Why “Cured” Doesn’t Mean “Protected”
One important thing to understand about curable STIs: getting treated once doesn’t give you any immunity. You can be reinfected the next time you’re exposed, and reinfection is common. This is especially true if your sexual partner wasn’t treated at the same time you were. The CDC recommends that anyone diagnosed with chlamydia, gonorrhea, or trichomoniasis get retested three months after treatment to check for repeat infection.
Partner treatment is a critical part of the process. If only one person takes antibiotics, the untreated partner can pass the same infection right back. In many states, your doctor can prescribe medication for your partner without requiring a separate office visit, specifically to break this cycle of reinfection.
What Happens If You Skip Treatment
All four curable STIs can cause serious long-term damage when left untreated. Chlamydia and gonorrhea are major causes of pelvic inflammatory disease in women, which can lead to chronic pelvic pain, ectopic pregnancy, and permanent infertility. These complications develop silently in many cases, because the underlying infection never produced noticeable symptoms.
Untreated syphilis follows a slow but destructive path. After the initial sore heals, the bacteria can quietly damage the cardiovascular system, nervous system, and brain over a period of years to decades. Untreated trichomoniasis, while less likely to cause organ damage, creates inflammation that makes it easier for other infections, including HIV, to take hold.
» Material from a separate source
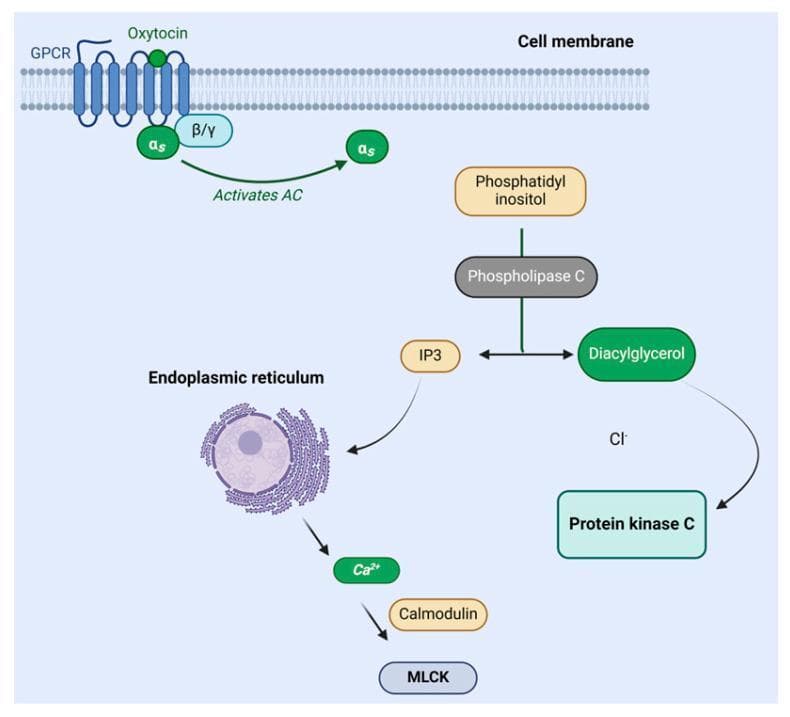 A pathophysiology diagram illustrating the oxytocin signaling pathway within a cell. The mechanism begins at the cell membrane where oxytocin binds to a G protein-coupled receptor (GPCR). This binding triggers the G-protein subunits (αs and β/γ), leading to the activation of adenylyl cyclase (AC). Downstream, phospholipase C (PLC) catalyzes the conversion of phosphatidylinositol into two secondary messengers: diacylglycerol (DAG) and inositol triphosphate (IP3). DAG is shown activating protein kinase C (PKC). Simultaneously, IP3 interacts with the endoplasmic reticulum, prompting the release of calcium ions (Ca2+). These calcium ions bind to calmodulin, which subsequently activates myosin light chain kinase (MLCK). This biochemical cascade is fundamental to understanding myometrial contraction and milk ejection. The diagram uses standard medical icons and labels to represent intracellular components and molecular interactions, suitable for undergraduate to advanced medical education.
Any untreated STI also increases the risk of transmitting or acquiring HIV. The inflammation and tissue disruption caused by an active infection creates more entry points for the virus. Treating curable STIs promptly is one of the most effective ways to reduce that risk.
Getting Tested and Treated
Because so many STIs produce no symptoms, testing is the only reliable way to know your status. Standard STI panels typically screen for chlamydia, gonorrhea, syphilis, and HIV. Trichomoniasis testing is often available but may not be included automatically, so it’s worth requesting if you have symptoms or risk factors. Herpes testing is generally not part of routine screening unless you have active sores.
If you test positive for a curable STI, treatment is straightforward and usually takes no more than a week or two. You should avoid sexual contact until treatment is complete and, for some infections, until a follow-up test confirms the infection has cleared. The sooner you’re treated, the lower the risk of complications or passing the infection to someone else.